__WHAT THE TASK ASKS__
From the line with "Amazon.co.jp: ラブプラス ヒロインマグカップ 3種セット 凛子 愛花" through the last line of the records below, both ends included, transcribe only those lines, exactly, and omit the pictures.

***** DATA SHOWN *****

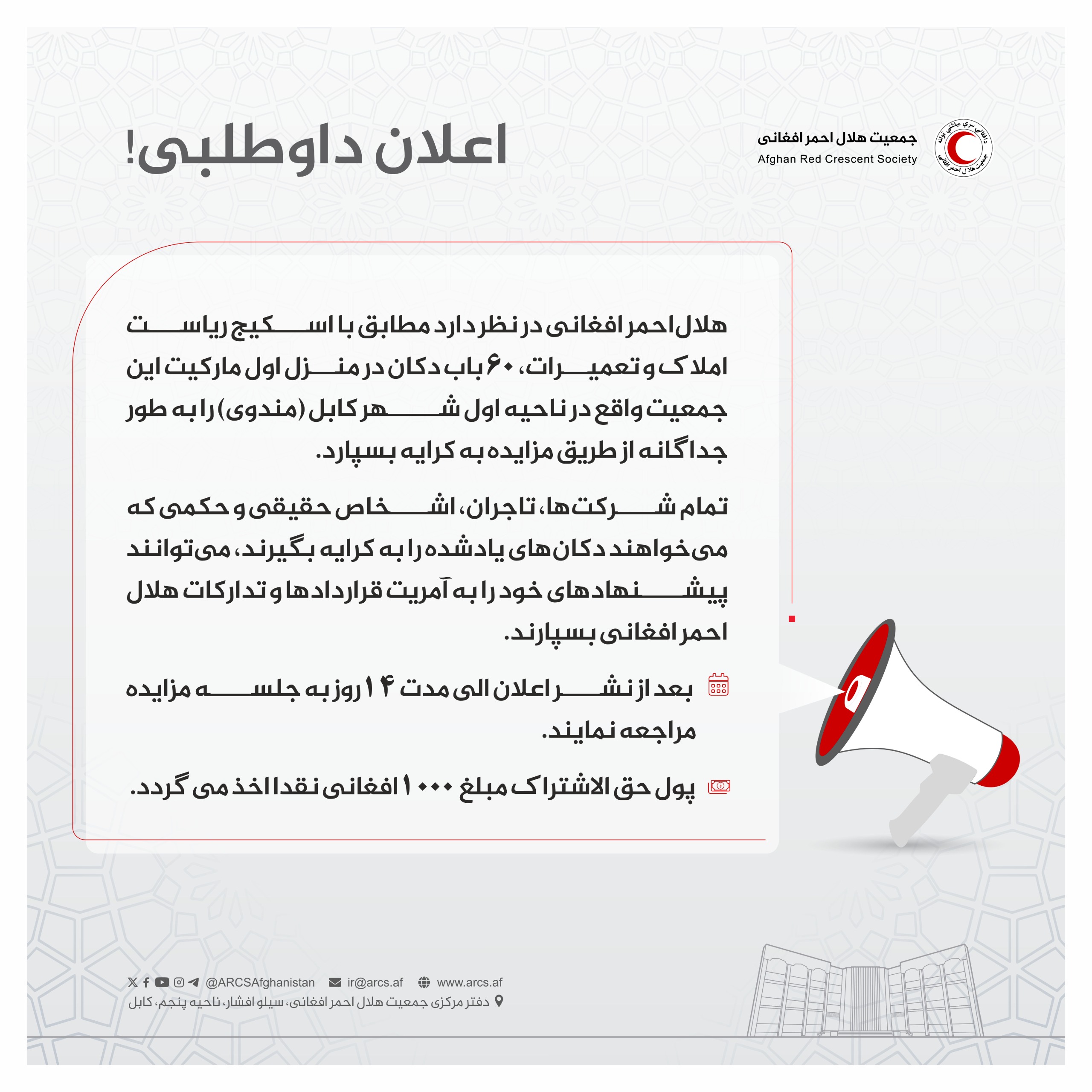 اعلان داوطلبی!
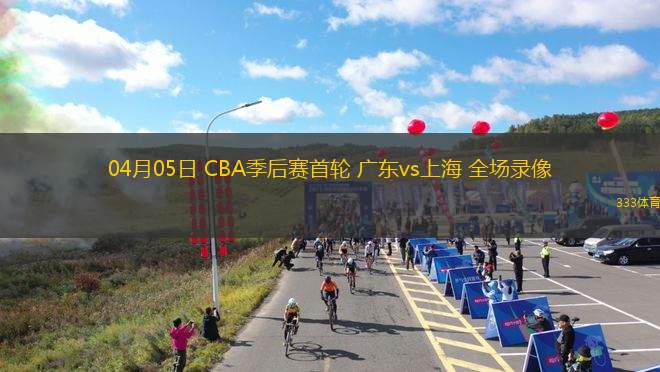 NBA常規(guī)賽雄鹿125-119活塞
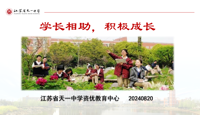 学长相助，积极成长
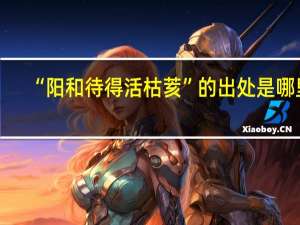 “阳和待得活枯荄”的出处是哪里
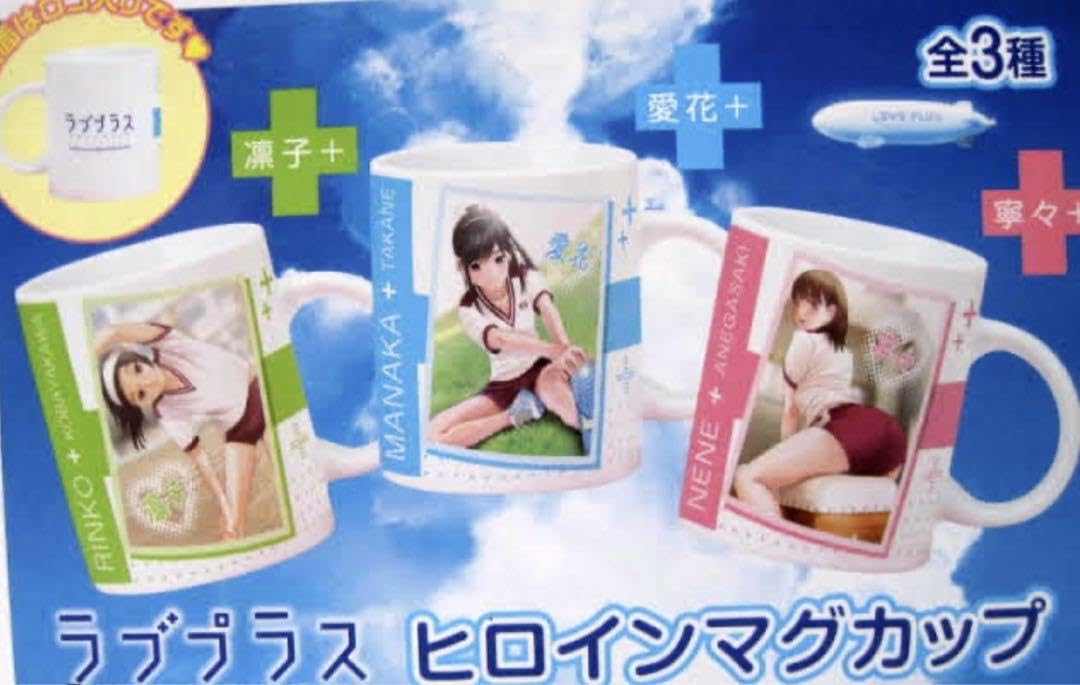 Amazon.co.jp: ラブプラス ヒロインマグカップ 3種セット 凛子 愛花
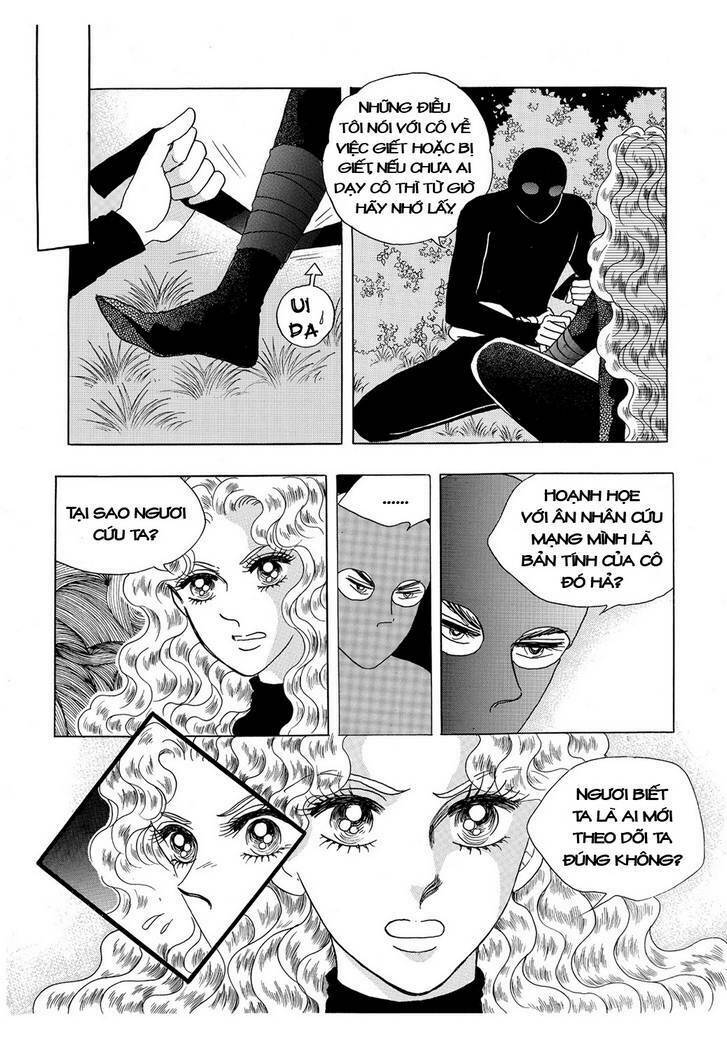 princess-manhwa/48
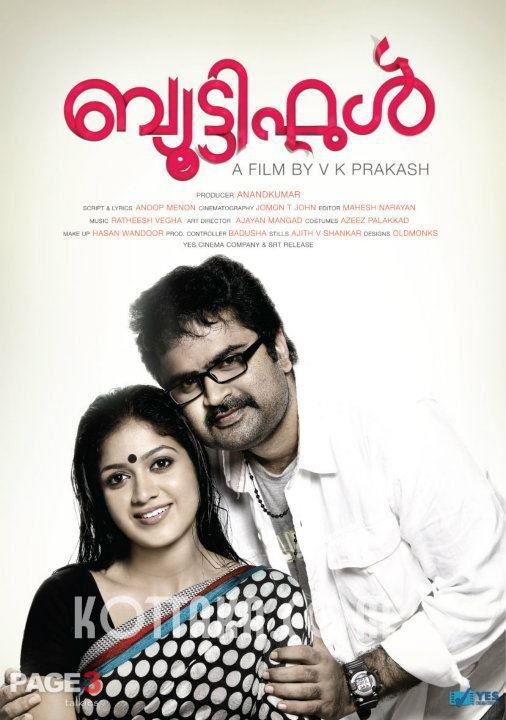 Movie Mp3 Free Download: Beautiful Malayalam Movie Mp3 ...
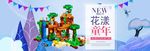 母婴用品
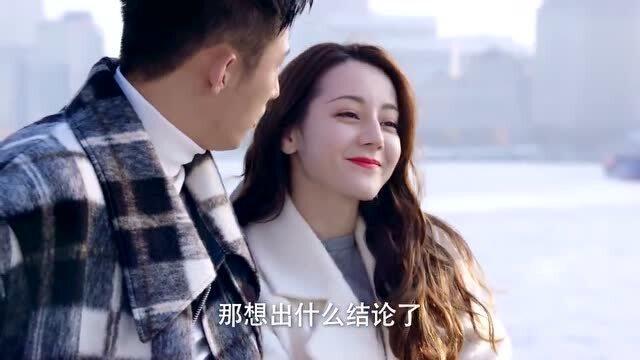 怎么样才可以把面做的很好吃游戏画面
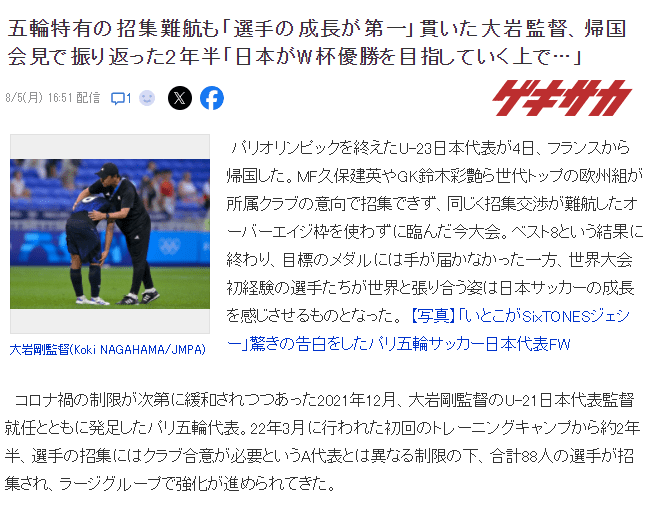 Japan U23 Coach: Though Halted at Olympics, Progress Noted—Aiming for World Cup Glory Requires Fear-Inducing Football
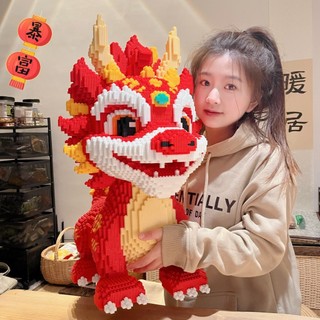 Bộ đồ chơi lắp ráp tạo hình kỳ lân cực ngầu cao 44cm - decor trang trí, quà tặng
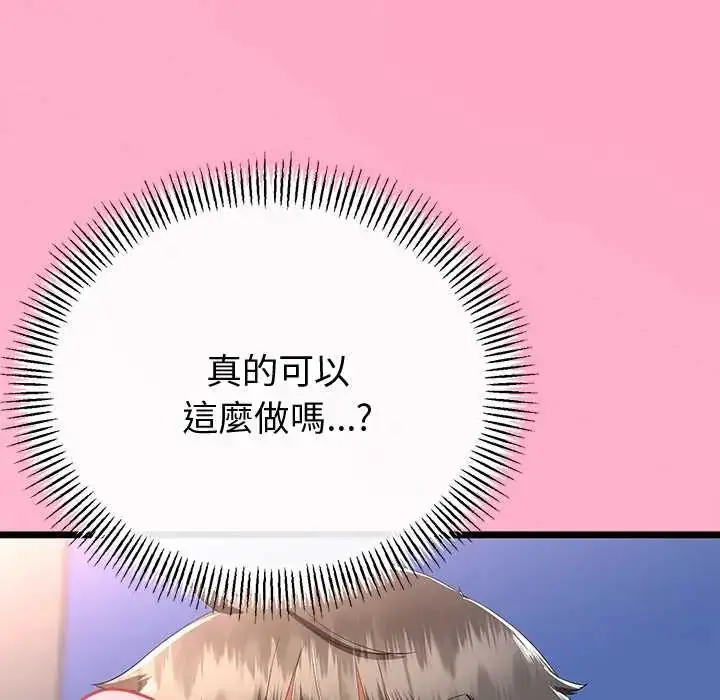 漫画《与初恋的意外同居》第70话第82张图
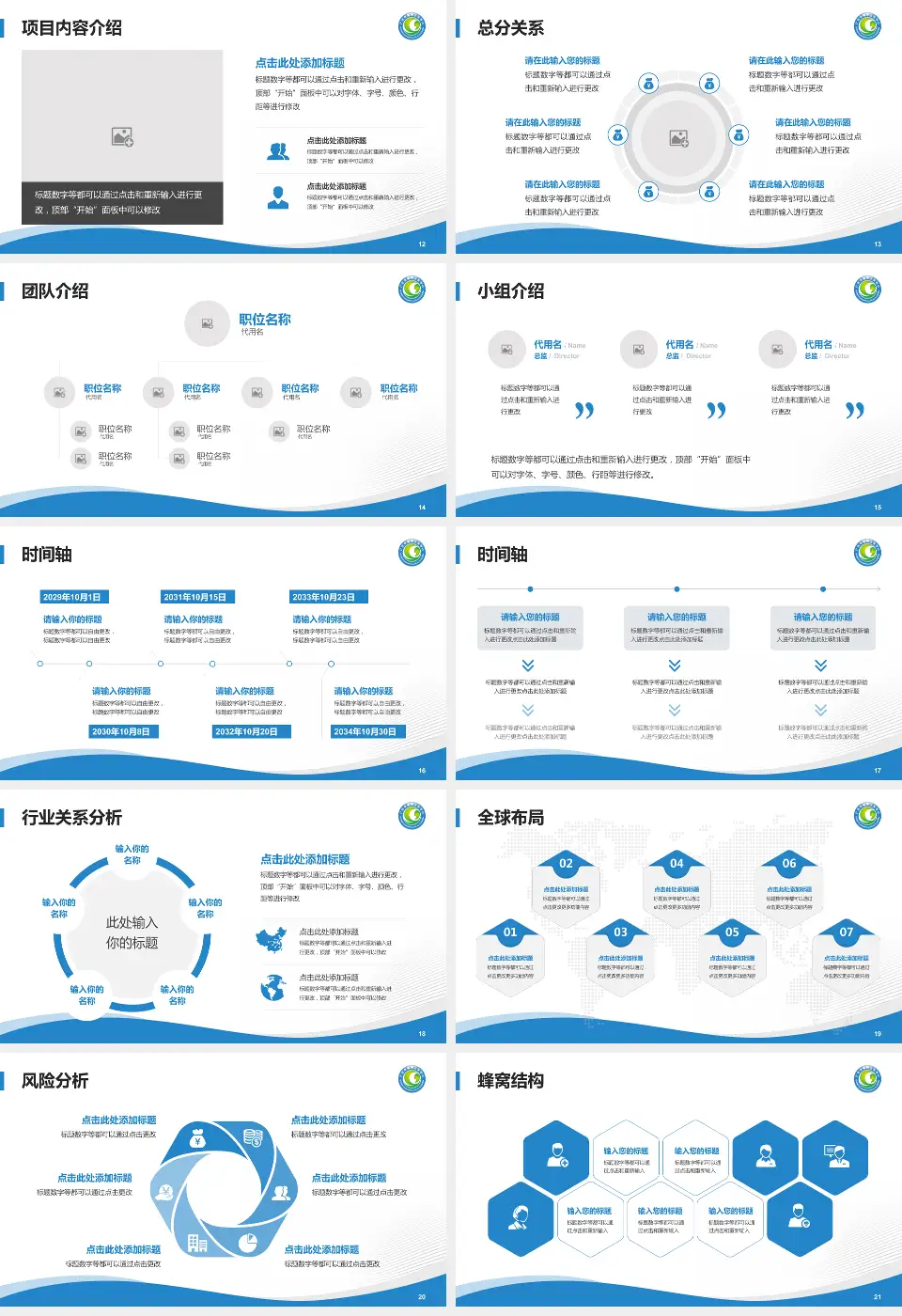 广元市精神卫生中心会议与研讨会PPT模板16:9格式幻灯片预览图3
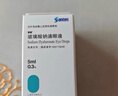 【原研药】参天爱丽 玻璃酸钠滴眼液 0.3%*5ml/盒*3盒装 实拍图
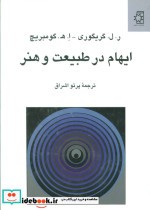 قیمت و خرید کتاب ایهام در طبیعت و هنر اثر رلگریگوری و اهگومبریچ | ایده بوک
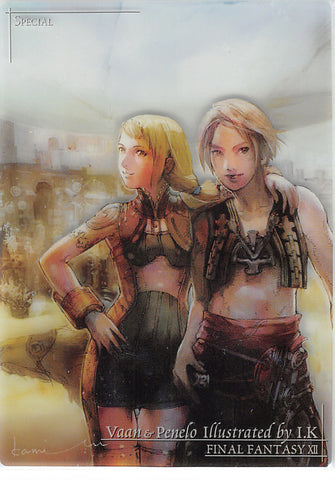 Final Fantasy Art Museum Trading Card - P-027 Special Art Museum Final Fantasy XII Premium Edition: Vaan & Penelo Illustrated by I.K (Vaan x Penelo) - Cherden's Doujinshi Shop - 1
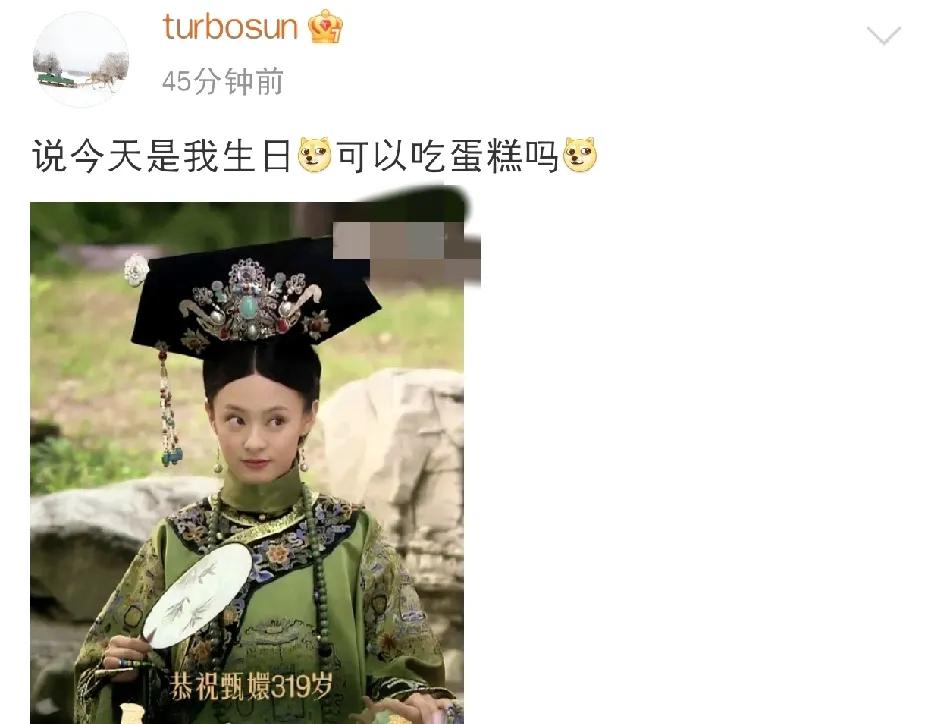 孙俪，发文求问！2025年5月14日晚上7点多，不少人刚吃完饭刷手机，没想到
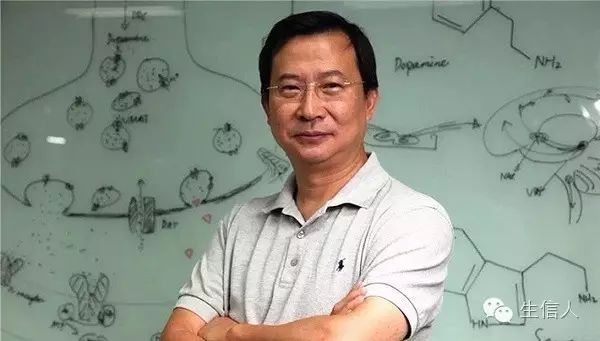 饶毅：做一个有趣的人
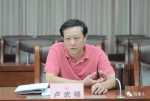 这位官员两性关系来者不拒 落马后与妻同台受审 - News.Sina.com.Cn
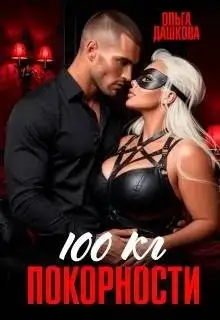 Обложка книги 100 килограмм Покорности
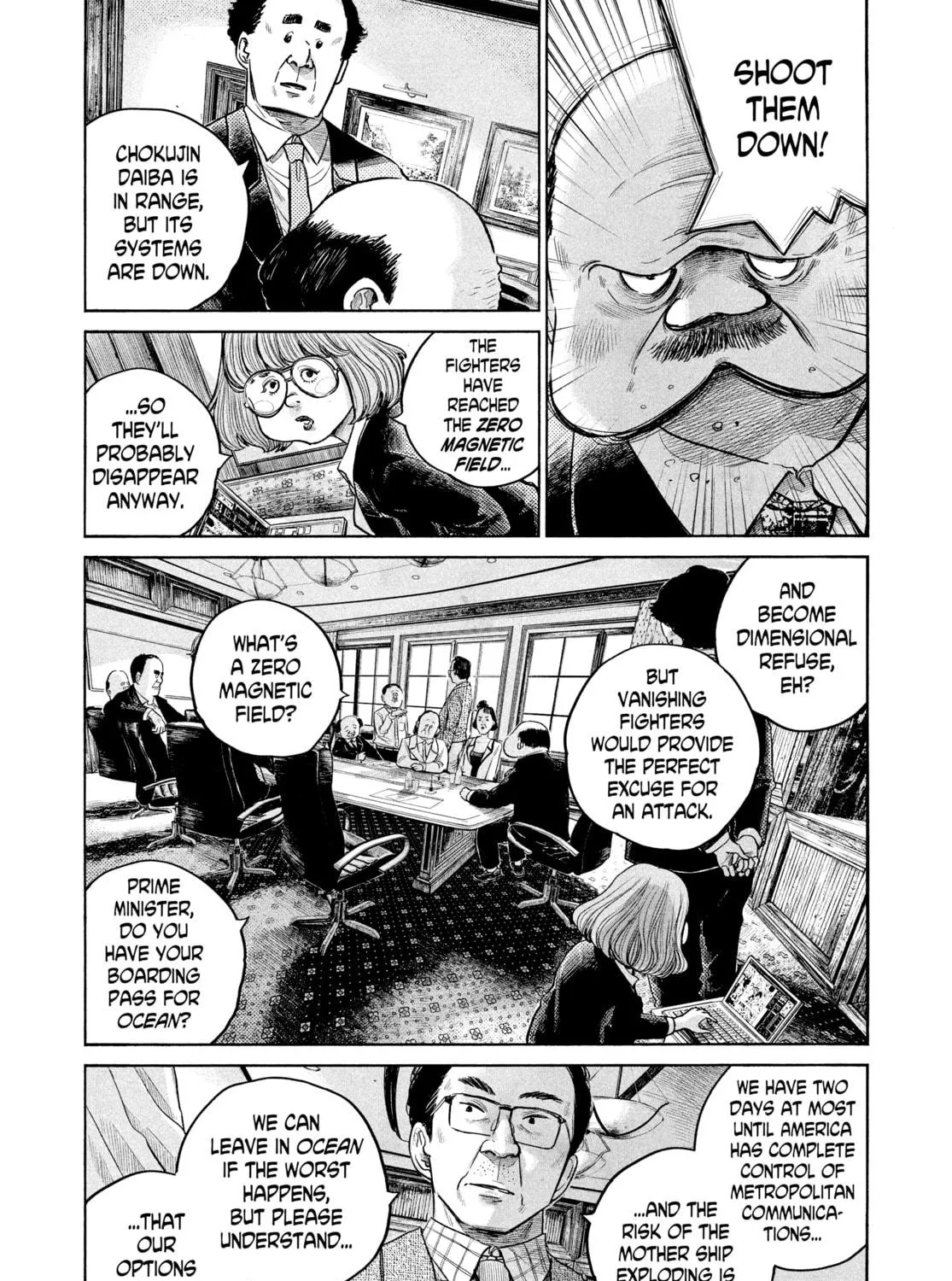 Dead Dead Demon's Dededede Destruction Chapter 77 page 17 -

*****

__WRITTEN ANSWER__
 Amazon.co.jp: ラブプラス ヒロインマグカップ 3種セット 凛子 愛花
 princess-manhwa/48
 Movie Mp3 Free Download: Beautiful Malayalam Movie Mp3 ...
 母婴用品
 怎么样才可以把面做的很好吃游戏画面
 Japan U23 Coach: Though Halted at Olympics, Progress Noted—Aiming for World Cup Glory Requires Fear-Inducing Football
 Bộ đồ chơi lắp ráp tạo hình kỳ lân cực ngầu cao 44cm - decor trang trí, quà tặng
 漫画《与初恋的意外同居》第70话第82张图
 广元市精神卫生中心会议与研讨会PPT模板16:9格式幻灯片预览图3
 【原研药】参天爱丽 玻璃酸钠滴眼液 0.3%*5ml/盒*3盒装 实拍图
 قیمت و خرید کتاب ایهام در طبیعت و هنر اثر رلگریگوری و اهگومبریچ | ایده بوک
 Final Fantasy Art Museum Trading Card - P-027 Special Art Museum Final Fantasy XII Premium Edition: Vaan & Penelo Illustrated by I.K (Vaan x Penelo) - Cherden's Doujinshi Shop - 1
 孙俪，发文求问！2025年5月14日晚上7点多，不少人刚吃完饭刷手机，没想到
 饶毅：做一个有趣的人
 这位官员两性关系来者不拒 落马后与妻同台受审 - News.Sina.com.Cn
 Обложка книги 100 килограмм Покорности
 Dead Dead Demon's Dededede Destruction Chapter 77 page 17 -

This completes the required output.